Records drawn from a dataset:
⟨
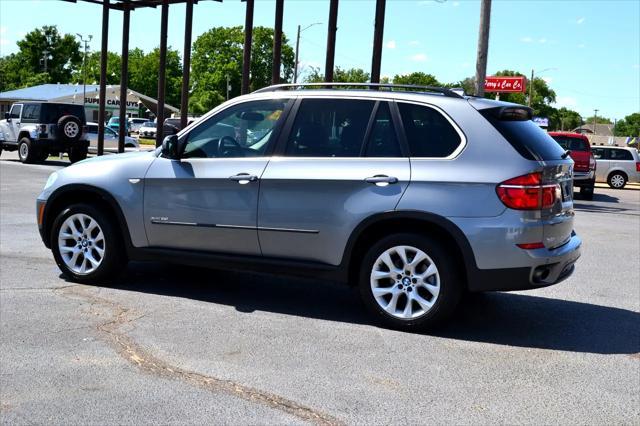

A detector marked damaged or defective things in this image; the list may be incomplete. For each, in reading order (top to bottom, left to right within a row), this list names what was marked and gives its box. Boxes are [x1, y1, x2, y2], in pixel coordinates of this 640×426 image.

cracked pavement [1, 154, 640, 422]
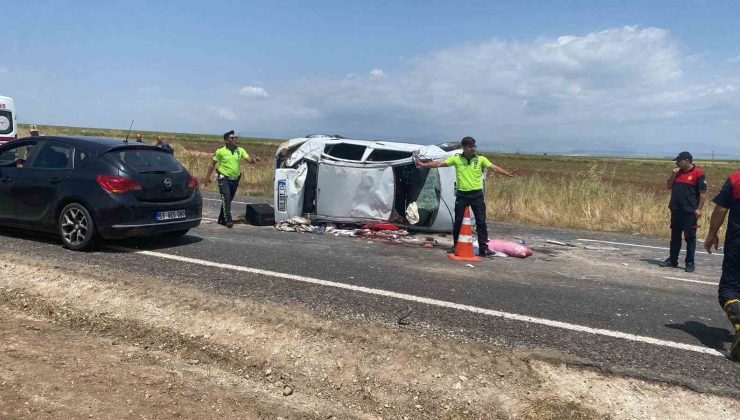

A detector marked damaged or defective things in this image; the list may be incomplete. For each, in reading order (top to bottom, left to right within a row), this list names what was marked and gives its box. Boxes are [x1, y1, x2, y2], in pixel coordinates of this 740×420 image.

crumpled metal panel [320, 162, 398, 220]
overturned white van [274, 135, 460, 231]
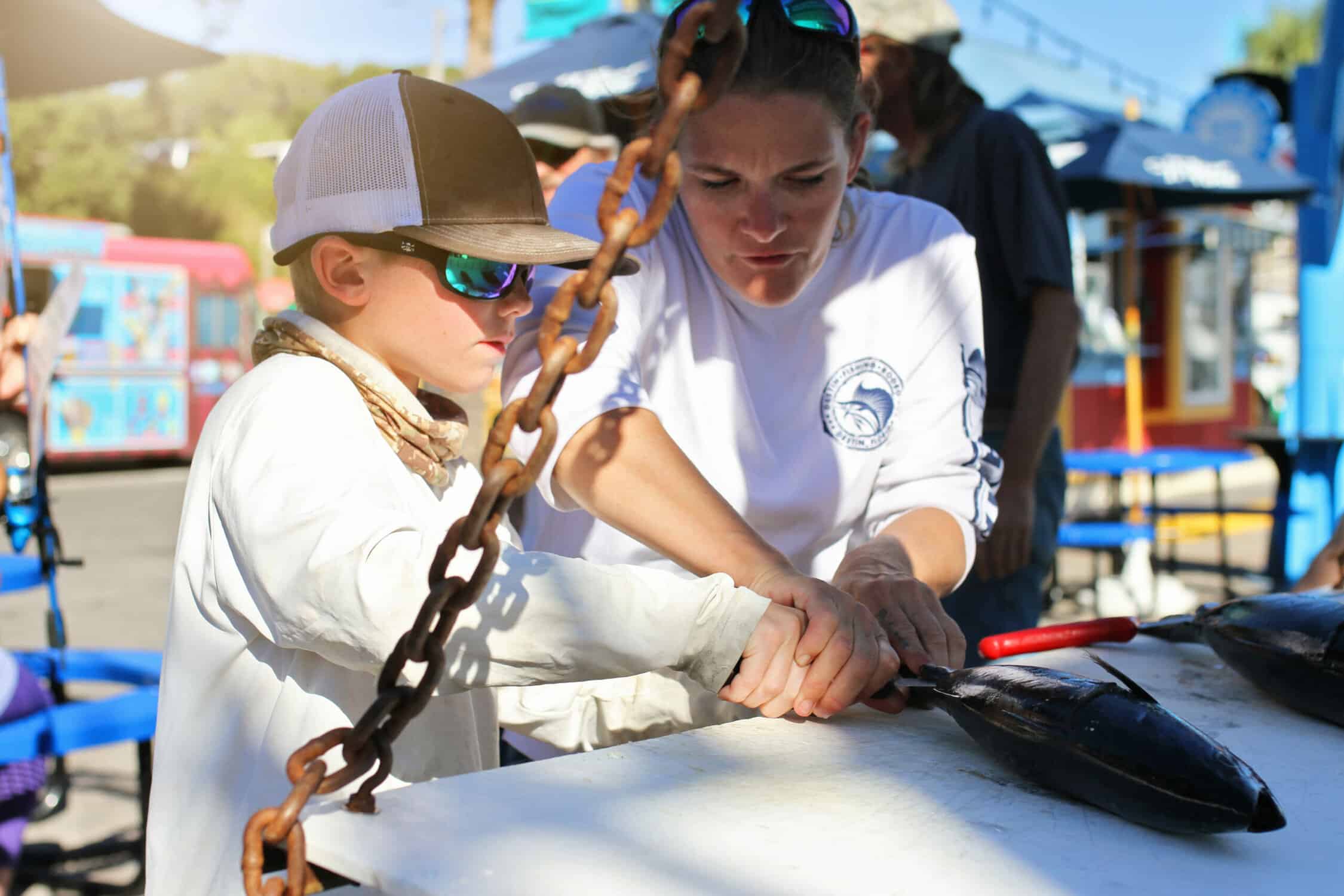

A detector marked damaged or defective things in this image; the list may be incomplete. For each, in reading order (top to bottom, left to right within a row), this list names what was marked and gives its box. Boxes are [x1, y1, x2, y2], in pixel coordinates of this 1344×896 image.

rusty metal chain [242, 3, 747, 892]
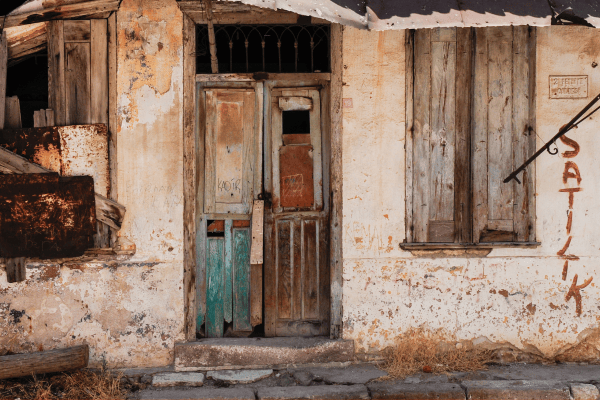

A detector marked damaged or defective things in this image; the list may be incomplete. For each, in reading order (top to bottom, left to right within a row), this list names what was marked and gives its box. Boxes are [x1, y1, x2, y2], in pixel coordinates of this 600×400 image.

rusty metal sheet [0, 126, 61, 171]
rusty metal sheet [0, 173, 95, 258]
peeling plaster wall [0, 0, 185, 368]
cracked stucco wall [0, 0, 185, 368]
rusty metal sheet [278, 145, 314, 208]
peeling plaster wall [342, 26, 600, 360]
cracked stucco wall [342, 26, 600, 360]
chipped paint [342, 26, 600, 360]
⟩
→ **Task statement**
Each line from the one containing "this 600×400 image." through the final line of the records must be repeated exactly, with no line added or dropped.

→ **Reply to the exercise**
A detector marked damaged or defective things in this image; the list may be incomplete. For each, in reading order (top to bottom, left to right within a row), this list names what was marked and gives its box. Boxes are [x1, y1, x2, y2], in pixel coordinates of this 600×400 image.

rusty metal sheet [0, 126, 61, 171]
rusty metal sheet [0, 173, 95, 258]
peeling plaster wall [0, 0, 185, 368]
cracked stucco wall [0, 0, 185, 368]
rusty metal sheet [278, 145, 314, 208]
peeling plaster wall [342, 26, 600, 360]
cracked stucco wall [342, 26, 600, 360]
chipped paint [342, 26, 600, 360]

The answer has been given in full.